You can run that as the build user. It will create a subdirectory called repodata containing package metainformation. If you have a lot of personal packages or if you want something faster, you can replace createrepo with createrepo_c, a version of createrepo written in C that’s supposed to be much faster. For my simple use case, I barely notice any difference between the two. You’ll have to run that command every time you add or remove packages from the repository, to update their metainformation.

The final step is telling dnf there’s a repository there. That’s as easy as creating a file under /etc/yum.repos.d with information about it. I called mine localrepo.repo and it has the following contents:

[localrepo]
name=localrepo
baseurl=file:///home/build/rpmbuild/RPMS
enabled=1
gpgcheck=0
metadata_expire=60s
priority=80

The base URL mentions the path to the local directory. The repo is also enabled and its packages are not signed, so the GPG check is disabled. Metadata expires after 60 seconds and needs to be rechecked then. That’s handy so you won’t have to use dnf’s --refresh option all the time while working with your local repository. The last line contains a numeric priority value.
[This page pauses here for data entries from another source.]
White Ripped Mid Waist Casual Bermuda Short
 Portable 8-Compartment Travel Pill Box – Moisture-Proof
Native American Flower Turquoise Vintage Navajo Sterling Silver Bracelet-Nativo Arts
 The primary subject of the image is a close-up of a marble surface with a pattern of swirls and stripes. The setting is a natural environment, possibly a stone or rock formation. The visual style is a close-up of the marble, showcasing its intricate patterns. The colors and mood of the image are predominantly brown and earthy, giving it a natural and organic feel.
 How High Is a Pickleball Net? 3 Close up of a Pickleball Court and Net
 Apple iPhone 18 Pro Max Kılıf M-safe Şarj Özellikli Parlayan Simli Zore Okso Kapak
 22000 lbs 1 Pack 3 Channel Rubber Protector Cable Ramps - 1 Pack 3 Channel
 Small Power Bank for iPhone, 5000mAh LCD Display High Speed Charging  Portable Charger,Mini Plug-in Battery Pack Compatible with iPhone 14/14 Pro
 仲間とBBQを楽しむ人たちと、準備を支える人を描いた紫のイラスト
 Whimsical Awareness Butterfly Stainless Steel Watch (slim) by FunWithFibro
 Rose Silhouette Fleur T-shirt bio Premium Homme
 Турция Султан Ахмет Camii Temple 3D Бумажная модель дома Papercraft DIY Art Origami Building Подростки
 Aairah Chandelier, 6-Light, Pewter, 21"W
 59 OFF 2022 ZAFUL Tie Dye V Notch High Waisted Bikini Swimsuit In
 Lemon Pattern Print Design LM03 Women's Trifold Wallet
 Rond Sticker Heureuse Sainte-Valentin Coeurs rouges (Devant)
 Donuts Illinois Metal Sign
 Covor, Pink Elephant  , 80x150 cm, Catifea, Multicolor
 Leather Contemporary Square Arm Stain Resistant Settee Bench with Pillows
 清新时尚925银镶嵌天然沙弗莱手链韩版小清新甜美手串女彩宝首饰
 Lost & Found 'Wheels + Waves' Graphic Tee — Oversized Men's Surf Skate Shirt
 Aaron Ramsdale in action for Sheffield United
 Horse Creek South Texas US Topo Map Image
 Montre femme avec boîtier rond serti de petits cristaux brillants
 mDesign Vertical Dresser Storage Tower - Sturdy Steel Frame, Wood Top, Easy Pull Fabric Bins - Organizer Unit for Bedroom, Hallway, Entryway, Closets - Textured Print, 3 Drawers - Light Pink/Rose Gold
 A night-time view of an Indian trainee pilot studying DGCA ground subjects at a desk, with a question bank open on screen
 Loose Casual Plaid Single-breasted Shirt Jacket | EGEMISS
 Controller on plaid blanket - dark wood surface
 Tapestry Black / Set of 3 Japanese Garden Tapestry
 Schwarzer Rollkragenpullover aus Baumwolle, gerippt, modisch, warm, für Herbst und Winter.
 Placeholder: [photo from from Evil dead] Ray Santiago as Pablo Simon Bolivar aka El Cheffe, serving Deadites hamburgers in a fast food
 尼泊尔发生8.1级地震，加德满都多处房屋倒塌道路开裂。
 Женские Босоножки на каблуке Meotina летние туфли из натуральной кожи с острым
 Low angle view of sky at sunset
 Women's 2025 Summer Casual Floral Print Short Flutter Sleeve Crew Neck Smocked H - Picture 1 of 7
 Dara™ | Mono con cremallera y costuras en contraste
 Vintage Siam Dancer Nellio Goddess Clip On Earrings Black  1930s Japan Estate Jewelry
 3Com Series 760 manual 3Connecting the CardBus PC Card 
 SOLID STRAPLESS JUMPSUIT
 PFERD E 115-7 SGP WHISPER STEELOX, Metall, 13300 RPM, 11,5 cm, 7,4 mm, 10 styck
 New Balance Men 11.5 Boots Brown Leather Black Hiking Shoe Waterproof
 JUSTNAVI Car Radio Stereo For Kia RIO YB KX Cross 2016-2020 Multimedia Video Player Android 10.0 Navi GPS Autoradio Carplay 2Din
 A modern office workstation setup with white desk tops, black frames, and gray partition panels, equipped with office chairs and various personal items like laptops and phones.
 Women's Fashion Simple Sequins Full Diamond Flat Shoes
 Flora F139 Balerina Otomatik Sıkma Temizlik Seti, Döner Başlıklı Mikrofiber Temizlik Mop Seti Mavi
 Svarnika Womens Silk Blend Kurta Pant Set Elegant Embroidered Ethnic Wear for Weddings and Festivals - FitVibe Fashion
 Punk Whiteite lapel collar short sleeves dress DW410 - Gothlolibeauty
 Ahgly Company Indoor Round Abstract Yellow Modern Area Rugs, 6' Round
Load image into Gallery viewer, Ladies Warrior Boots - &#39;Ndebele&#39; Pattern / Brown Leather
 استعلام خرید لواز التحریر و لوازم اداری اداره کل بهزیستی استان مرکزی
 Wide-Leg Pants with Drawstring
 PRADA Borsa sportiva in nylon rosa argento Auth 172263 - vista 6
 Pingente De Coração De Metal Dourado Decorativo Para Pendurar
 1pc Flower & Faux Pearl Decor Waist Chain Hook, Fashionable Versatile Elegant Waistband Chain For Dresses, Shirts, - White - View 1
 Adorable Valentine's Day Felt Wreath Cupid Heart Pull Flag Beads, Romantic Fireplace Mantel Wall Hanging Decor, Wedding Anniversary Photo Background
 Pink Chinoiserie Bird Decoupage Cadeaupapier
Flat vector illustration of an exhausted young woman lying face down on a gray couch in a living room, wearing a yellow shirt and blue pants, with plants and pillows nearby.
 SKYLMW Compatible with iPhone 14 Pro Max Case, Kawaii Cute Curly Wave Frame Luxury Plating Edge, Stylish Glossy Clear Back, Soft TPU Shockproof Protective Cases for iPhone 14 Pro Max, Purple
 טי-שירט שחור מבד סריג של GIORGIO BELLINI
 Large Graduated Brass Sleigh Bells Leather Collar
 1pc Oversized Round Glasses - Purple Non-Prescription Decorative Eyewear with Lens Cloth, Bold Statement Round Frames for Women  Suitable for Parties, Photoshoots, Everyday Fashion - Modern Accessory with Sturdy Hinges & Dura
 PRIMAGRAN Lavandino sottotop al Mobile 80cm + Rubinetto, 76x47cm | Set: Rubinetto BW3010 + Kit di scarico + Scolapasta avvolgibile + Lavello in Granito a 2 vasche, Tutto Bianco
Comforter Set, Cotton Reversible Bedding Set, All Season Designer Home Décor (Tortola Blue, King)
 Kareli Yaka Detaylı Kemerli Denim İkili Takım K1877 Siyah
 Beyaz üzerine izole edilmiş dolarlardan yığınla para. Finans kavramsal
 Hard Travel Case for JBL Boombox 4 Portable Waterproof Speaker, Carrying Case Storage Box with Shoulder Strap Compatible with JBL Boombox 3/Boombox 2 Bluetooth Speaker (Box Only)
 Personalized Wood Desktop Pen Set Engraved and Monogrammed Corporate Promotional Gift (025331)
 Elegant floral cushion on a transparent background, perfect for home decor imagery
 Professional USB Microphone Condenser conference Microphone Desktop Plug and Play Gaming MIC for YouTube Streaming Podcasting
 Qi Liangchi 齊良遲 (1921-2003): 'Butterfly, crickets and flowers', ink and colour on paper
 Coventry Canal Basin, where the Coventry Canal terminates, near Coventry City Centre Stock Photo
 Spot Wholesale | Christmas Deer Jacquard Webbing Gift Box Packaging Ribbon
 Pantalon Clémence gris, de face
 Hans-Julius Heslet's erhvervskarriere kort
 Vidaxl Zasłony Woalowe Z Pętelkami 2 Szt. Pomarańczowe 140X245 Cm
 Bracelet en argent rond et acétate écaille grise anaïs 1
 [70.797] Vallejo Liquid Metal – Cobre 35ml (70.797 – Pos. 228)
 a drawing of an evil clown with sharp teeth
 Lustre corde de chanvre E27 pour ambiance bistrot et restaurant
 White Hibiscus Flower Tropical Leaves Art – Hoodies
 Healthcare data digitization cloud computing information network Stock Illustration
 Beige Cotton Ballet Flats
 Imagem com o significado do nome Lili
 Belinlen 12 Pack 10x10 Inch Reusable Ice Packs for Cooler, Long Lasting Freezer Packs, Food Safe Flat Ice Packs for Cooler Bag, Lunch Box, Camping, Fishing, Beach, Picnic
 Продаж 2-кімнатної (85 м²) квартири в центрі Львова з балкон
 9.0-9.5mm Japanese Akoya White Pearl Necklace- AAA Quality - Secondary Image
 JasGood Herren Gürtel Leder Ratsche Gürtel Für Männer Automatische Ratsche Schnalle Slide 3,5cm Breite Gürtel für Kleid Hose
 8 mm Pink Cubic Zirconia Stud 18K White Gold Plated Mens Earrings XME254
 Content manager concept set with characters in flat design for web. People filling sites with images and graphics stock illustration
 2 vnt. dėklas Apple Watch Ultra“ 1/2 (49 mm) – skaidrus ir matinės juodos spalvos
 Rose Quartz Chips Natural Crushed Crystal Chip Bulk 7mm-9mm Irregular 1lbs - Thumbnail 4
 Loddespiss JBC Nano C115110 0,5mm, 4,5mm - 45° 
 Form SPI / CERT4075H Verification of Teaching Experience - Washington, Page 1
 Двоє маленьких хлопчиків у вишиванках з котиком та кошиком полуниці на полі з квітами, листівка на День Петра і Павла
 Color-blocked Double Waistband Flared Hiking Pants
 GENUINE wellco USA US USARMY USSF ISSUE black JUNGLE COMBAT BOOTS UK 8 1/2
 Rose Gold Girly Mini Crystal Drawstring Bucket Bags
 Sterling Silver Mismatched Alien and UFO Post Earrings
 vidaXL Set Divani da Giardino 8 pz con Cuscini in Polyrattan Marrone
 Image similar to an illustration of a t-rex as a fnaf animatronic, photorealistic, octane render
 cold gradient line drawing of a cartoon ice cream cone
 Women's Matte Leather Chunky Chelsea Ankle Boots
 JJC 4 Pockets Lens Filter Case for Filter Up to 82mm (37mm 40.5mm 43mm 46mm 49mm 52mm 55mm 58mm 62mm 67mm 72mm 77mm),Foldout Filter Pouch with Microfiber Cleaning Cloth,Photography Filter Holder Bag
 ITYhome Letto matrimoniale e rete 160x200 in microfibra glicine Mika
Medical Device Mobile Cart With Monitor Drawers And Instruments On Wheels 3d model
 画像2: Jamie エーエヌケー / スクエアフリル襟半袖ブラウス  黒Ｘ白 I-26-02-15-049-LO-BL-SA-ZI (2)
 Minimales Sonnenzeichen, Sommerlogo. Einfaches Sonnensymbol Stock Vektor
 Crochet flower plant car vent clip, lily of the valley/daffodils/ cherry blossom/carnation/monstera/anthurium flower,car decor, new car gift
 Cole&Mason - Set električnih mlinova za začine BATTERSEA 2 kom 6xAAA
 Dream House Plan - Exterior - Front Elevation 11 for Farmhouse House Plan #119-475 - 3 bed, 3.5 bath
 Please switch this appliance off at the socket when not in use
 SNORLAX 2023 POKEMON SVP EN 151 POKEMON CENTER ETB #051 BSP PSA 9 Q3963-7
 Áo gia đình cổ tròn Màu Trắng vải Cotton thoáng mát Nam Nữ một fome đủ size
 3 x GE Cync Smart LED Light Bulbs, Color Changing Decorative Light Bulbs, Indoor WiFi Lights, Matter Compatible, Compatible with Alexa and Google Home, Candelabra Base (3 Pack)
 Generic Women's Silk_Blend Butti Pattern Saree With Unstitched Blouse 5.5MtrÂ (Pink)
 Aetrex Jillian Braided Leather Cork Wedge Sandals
The lower the number, the higher the priority. The default priority is 99 according to dnf.conf(5) and that’s the priority of the official repos because they don’t set a value. If you use other non-official repositories like RPM Fusion, you’ll see they have their own priority value. You have to decide if you want your local repo to have higher or lower priority compared to others and put a numeric value there.

Going back to the rebuilt freetype package, dnf won’t insist anymore on reinstalling the official version, but it will update it if the official package version is considered more recent. Hopefully, you’ll notice font rendering has changed slightly, rebuild the package and reinstall it from your local repository.